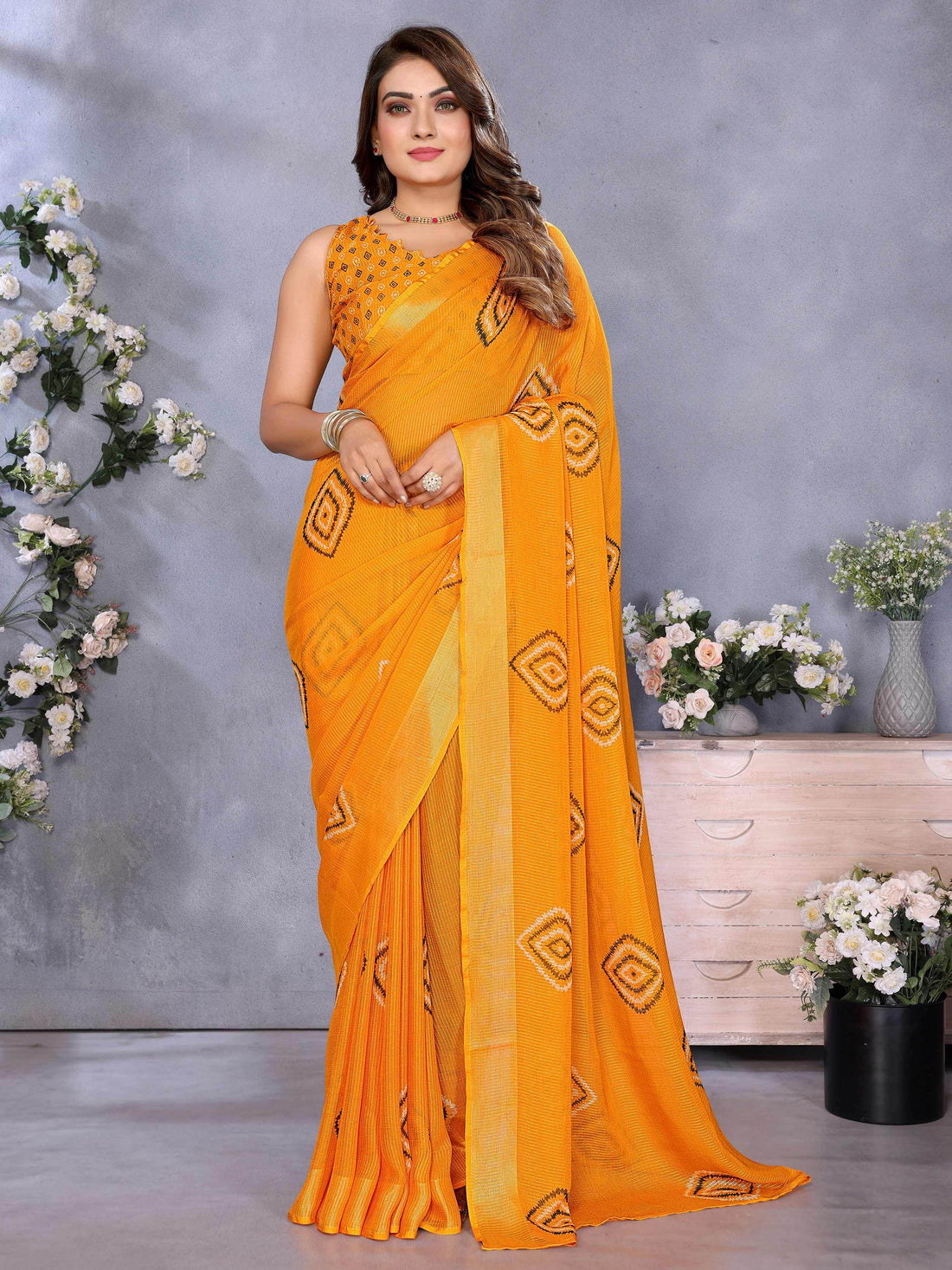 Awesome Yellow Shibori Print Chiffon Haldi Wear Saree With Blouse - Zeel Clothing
**********
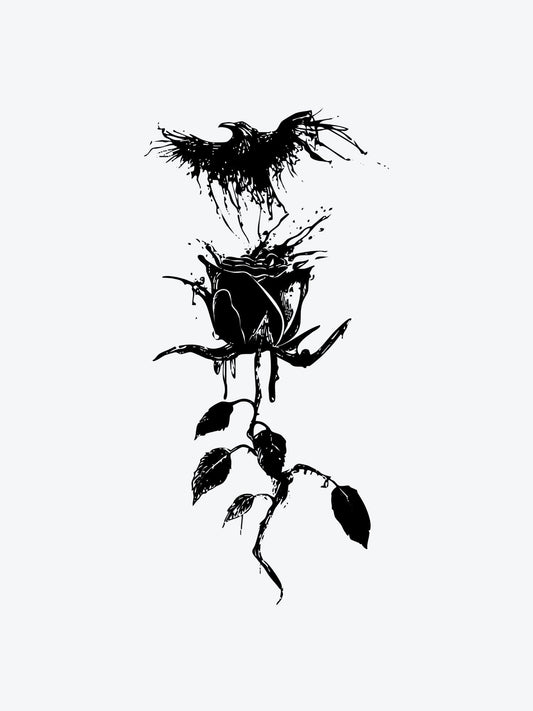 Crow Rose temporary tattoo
**********
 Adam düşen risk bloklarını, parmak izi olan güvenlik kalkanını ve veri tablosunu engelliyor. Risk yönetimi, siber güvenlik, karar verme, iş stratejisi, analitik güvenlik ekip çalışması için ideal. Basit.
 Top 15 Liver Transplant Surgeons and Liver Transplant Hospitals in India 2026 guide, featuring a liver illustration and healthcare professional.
**********
▶ _Work instructions_
In the entries above, find the line holding "Adam düşen risk" and the line holding "Top 15 Liver", then retype exactly those two lines and every line between them, and nothing else.

▶ _Response_
 Adam düşen risk bloklarını, parmak izi olan güvenlik kalkanını ve veri tablosunu engelliyor. Risk yönetimi, siber güvenlik, karar verme, iş stratejisi, analitik güvenlik ekip çalışması için ideal. Basit.
 Top 15 Liver Transplant Surgeons and Liver Transplant Hospitals in India 2026 guide, featuring a liver illustration and healthcare professional.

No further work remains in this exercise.